You can watch Song Yao, one of the authors, expound upon the findings here. For me, the bottom line is this: “We draw several lessons about the effectiveness of local sweetened-beverage taxes from these analyses,” the authors write. “First, the tax was ineffective at reducing consumption of unhealthy products. Second, in terms of revenue generation, the tax was only partly effective due to consumers substituting to stores outside of Philadelphia. Third, low income households are less likely to engage in cross shopping, and instead are more likely to continue to purchase taxed products at a higher price at stores in Philadelphia. The lower propensity for low income households to avoid the tax through cross-shopping leads to a relatively larger tax burden for those households. In summary, the tax does not lead to a shift in consumption towards healthier products, it affects low income households more severely, and it is limited in its ability to raise revenue.”
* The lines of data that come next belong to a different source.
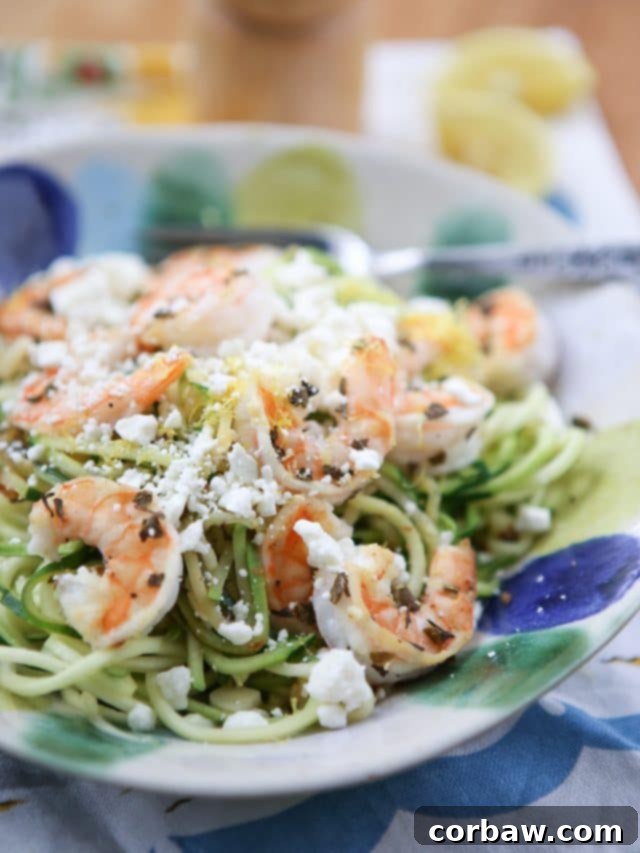 Skinnytaste Zoodles with Shrimp and Feta: Quick & Healthy A vibrant bowl of zucchini noodles topped with perfectly cooked shrimp and crumbled feta cheese, garnished with fresh herbs.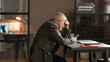 © AnnaStills - Mature man using his mobile phone at table while waiting for interviewer during job interview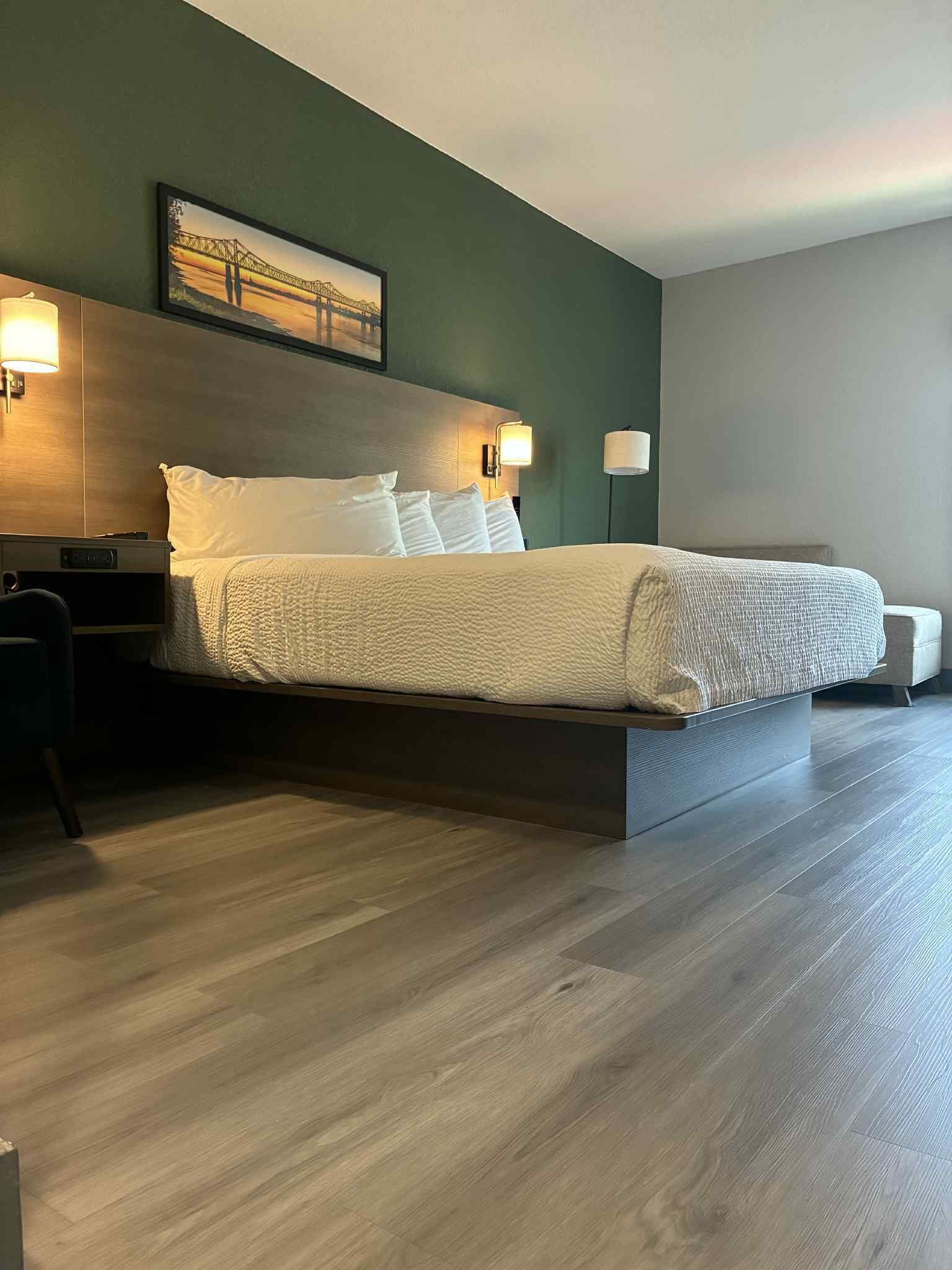 A modern hotel room with a large bed, a headboard with a painting, bedside lamps, and a wooden floor.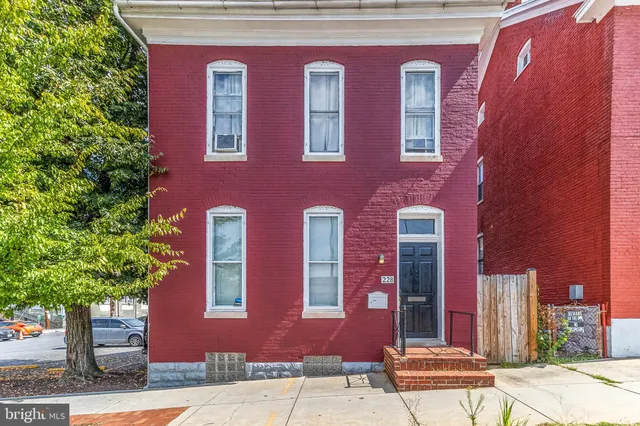 a front view of a building with red door and a tree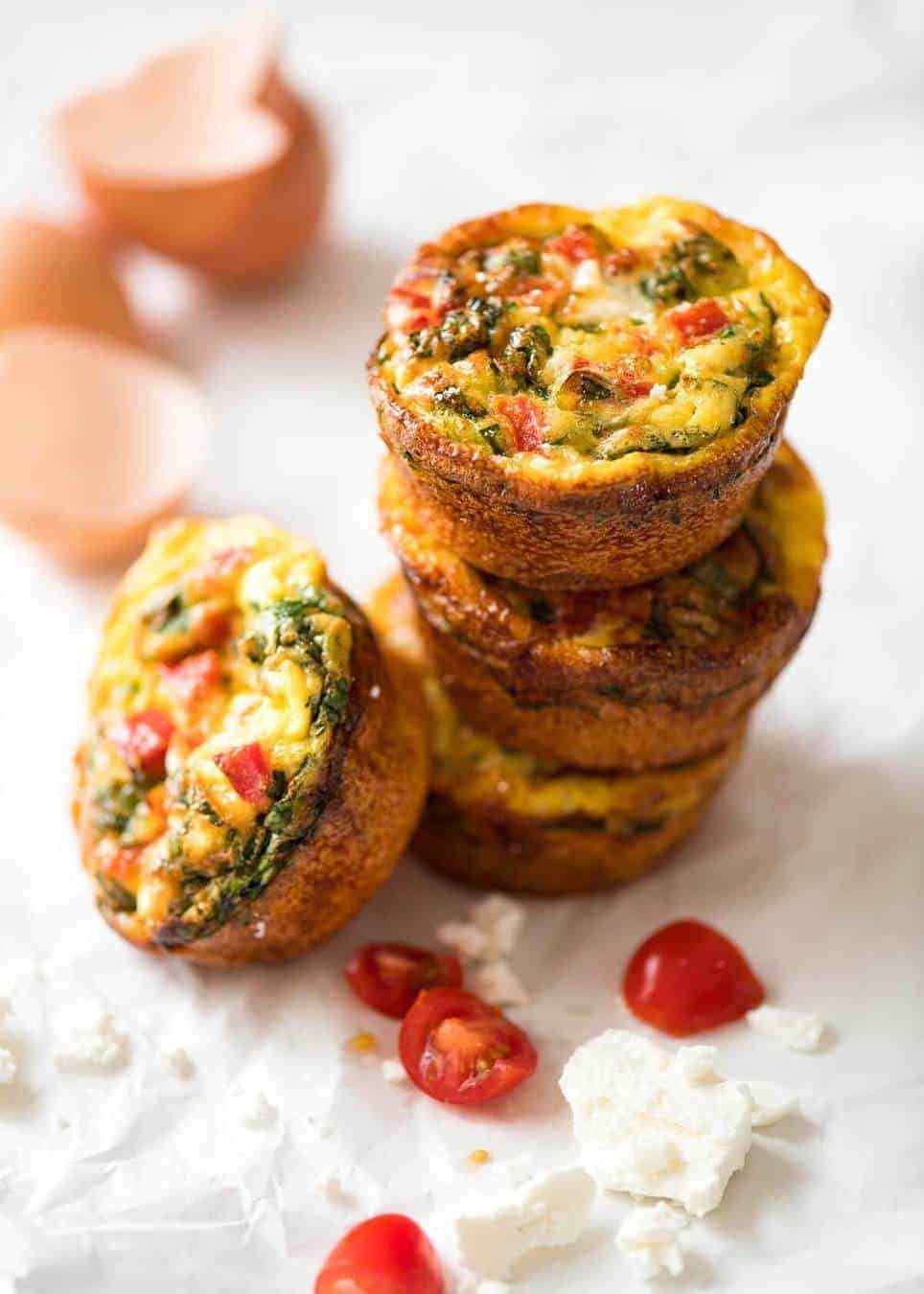 Healthy doesn't have to be bland! These Healthy Egg Muffins are a great grab & go breakfast option. Egg, spinach, feta, cherry tomatoes and bell peppers/capsicum. www.recipetineats.com
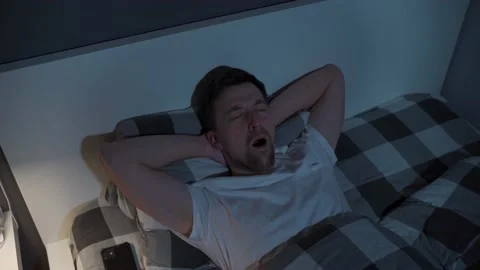 Young man looks at the ceiling at night while lying in bed instead of sleeping Stock Footage 155004165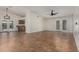 Bright open-plan living area with a breakfast bar and view of the backyard at 18610 N 45Th Ave, Glendale, AZ 85308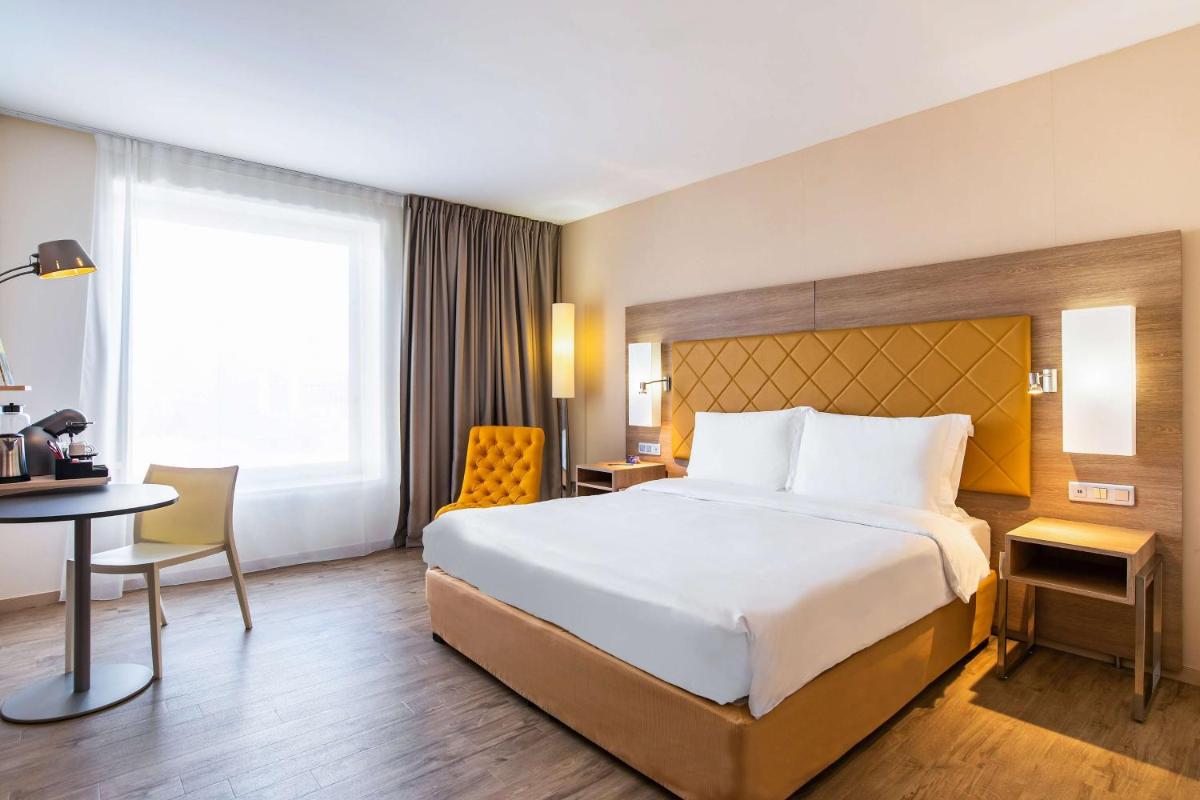 Un ou plusieurs lits dans un hébergement de l'établissement Radisson Blu Hotel Toulouse Airport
Even though I knew it might send us down a rabbit hole of spin, I reached out to the Kenney administration to see if it had any knowledge of, or response to, this latest study. A spokesman responded: “These are very interesting findings. In no way does the Kenney administration want to impose a tax that places an undue burden upon the poor, and we support any efforts to have an intellectually honest debate about the effects of this or any other tax. That’s why we support Councilman Domb’s call for hearings into the efficacy of the soda tax and we hope the authors of this study will present their findings there and be open to questioning.”
KIDDING! You didn’t really think we’d get that kind of response, did you? This is war, after all, and job one in war is to spread that fog. So the missive back from the administration doubles down on—surprise, surprise—calling into question the motives of any study whose conclusions differ from what it wants to be the case.
“We are highly skeptical of the conclusions of this study, which gives a very incomplete picture of the impact of the beverage tax,” wrote Kenney’s spokesman. “The Seiler study includes only approximately 25 percent of beverages purchased in Philadelphia. It excludes many supermarket chains, all restaurants, all corner stores and all other stores that do not have a data agreement with its data source, IRI…The authors base their study on data from retail stores that is normally confidential and not available to researchers. This makes us question how the researchers obtained the data and whether the data provided might have been selected to support an industry viewpoint…The paper claims that the tax has had a disproportionate impact on low income Philadelphians, but the authors don’t have the data to back that up.”
Isn’t it time for the mayor to set aside the personal attacks and try problem-solving for a change? You’d think he would view Pre-K and Rebuild as too important to jeopardize with flawed funding. Or is his loyalty to the tax greater than his fidelity to the programs it was meant to fund?
As for the first critique—that the study includes only approximately 25 percent of beverages purchased in Philadelphia—that seems to be accurate, but not entirely relevant when the debate, as it pertains to food deserts, is about large grocery chains, which IRI data does include. As for the other two points—questioning where the data came from and asking for the data that shows the tax to be regressive, well, all the more reason to invite the scholars here for a hearing, right?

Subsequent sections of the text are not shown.